Getting Started with Couchbase Enterprise Analytics SDK

Introduction

Couchbase Enterprise Analytics is a new server from Couchbase that specializes in complex queries on data from multiple sources. It’s not an operational database, but a highly scalable and flexible reporting database that is optimized for cloud and AI use-cases using JSON as its data storage type. It’s classified as a Columnar database which are a type of database optimized for data-warehousing and analytics.
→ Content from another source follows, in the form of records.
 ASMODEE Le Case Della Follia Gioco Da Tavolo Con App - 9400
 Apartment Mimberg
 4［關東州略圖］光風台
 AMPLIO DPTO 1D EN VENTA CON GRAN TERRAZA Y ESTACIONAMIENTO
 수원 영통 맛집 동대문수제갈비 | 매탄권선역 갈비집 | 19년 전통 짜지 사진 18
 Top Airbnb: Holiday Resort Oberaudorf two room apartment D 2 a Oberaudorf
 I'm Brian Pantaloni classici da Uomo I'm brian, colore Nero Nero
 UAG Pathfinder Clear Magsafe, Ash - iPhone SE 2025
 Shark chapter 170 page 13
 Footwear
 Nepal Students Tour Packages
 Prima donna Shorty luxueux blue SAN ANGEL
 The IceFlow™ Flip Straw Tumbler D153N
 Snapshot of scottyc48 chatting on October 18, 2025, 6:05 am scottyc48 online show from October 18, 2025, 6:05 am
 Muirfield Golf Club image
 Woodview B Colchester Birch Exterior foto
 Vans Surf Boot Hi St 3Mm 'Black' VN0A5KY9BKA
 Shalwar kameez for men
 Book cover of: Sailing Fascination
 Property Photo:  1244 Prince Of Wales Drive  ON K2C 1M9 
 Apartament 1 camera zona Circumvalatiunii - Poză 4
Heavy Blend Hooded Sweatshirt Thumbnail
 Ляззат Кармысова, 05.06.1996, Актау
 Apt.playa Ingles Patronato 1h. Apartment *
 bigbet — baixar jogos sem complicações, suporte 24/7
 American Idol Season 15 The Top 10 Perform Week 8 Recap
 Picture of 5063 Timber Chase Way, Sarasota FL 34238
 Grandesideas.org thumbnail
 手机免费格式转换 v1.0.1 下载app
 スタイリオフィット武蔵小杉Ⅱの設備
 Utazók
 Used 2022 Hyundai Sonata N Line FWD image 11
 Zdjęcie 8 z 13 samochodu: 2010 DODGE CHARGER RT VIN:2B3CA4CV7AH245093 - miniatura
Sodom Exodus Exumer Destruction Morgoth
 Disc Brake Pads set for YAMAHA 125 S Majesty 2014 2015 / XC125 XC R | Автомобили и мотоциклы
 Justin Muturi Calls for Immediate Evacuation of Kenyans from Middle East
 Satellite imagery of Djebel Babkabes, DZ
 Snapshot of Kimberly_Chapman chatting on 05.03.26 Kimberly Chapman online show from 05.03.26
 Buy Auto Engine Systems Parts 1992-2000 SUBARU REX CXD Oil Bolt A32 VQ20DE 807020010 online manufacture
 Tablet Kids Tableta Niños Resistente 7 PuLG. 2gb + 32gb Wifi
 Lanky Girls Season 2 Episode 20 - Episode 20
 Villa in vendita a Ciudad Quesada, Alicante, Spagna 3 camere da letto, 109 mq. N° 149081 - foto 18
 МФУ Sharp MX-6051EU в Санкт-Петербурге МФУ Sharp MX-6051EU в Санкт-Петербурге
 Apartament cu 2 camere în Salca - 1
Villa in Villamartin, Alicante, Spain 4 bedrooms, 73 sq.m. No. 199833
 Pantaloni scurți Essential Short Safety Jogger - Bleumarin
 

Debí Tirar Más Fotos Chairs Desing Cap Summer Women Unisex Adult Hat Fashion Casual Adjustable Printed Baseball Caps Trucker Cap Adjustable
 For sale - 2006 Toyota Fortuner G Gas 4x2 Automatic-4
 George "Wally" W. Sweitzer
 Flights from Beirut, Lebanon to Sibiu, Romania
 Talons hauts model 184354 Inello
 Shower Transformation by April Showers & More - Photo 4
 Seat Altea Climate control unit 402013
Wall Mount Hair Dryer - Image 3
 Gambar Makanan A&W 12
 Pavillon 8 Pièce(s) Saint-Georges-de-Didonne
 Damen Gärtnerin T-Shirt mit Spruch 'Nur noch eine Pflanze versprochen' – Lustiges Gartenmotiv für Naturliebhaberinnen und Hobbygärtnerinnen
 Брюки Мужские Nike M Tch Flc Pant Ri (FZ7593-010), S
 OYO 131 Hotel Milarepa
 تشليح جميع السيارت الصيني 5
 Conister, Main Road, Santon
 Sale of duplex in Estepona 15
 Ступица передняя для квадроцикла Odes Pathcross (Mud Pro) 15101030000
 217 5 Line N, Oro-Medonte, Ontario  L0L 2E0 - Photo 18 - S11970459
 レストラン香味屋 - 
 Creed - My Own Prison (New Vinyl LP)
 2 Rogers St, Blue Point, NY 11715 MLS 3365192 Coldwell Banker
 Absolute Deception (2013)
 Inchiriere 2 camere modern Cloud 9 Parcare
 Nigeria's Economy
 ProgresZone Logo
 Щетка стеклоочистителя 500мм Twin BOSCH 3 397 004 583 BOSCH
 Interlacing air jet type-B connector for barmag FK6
In this post, I will concentrate not on what the Couchbase Enterprise Analytics is or does, but on using the new Couchbase Enterprise Analytics SDK – new SDK for connecting to and running queries against the Couchbase Enterprise Analytics Server.

A Little History

Couchbase actually has a couple of “Analytics” products:

  • Capella Analytics- A cloud based data-base-as-a-service (DBaaS) that is based upon a column-orientated Log-Structured (LSM) b-tree structured storage engine that expands the Capalla cloud service for AI and advanced workflows.
  • CBAS (Couchbase Analytics Service) – that runs on-premise and specializes in operational and real-time reporting. This is the original Couchbase Analytics and it runs as a server on a traditional Couchbase cluster similar to the Query service, but with a different focus on reporting.
  • Finally, Couchbase Enterprise Analytics which runs as a separate cluster and service and is specialized towards AI and ML workflows, advanced reporting in a highly scalable fashion combining multiple data sources into a single platform.

Which one use is dependent on your application or use-case with CBAS intended for smaller, more simpler implementations, Capella Analytics to allow the flexibility of the cloud with respect to scaling and quickly tailoring resources to your usage – think AI, and Analytics Enterprise when you need a enterprise worthy work-horse designed for data and resource intensive AI/ML applications.

The Couchbase Enterprise SDK

This is a new SDK, completely different from the traditional Couchbase SDK used by both the Capella Analytics/Columnar and CBAS. The API is superficially very similar. If you have experience with the operational SDK, you can leverage that expertise.

Note that the Operational SDK will not work with the Couchbase Enterprise Analytics Server. Similarly, the Enterprise Analytics SDK does not work with Capella Analytics or CBAS.

The Couchbase Analytics SDK has support for GOlang, C++, Java, Python etc, however, in this post I will concentrate on the .NET version written in C# and currently available as a release candidate (RC) for .NET10.

You can find the package in NuGet or you can pull the source from Github. Note that this is a new release. If you have any issues, you can get help on Couchbase Forums. You can also ask questions on Stack Overflow or report it as a Github issue.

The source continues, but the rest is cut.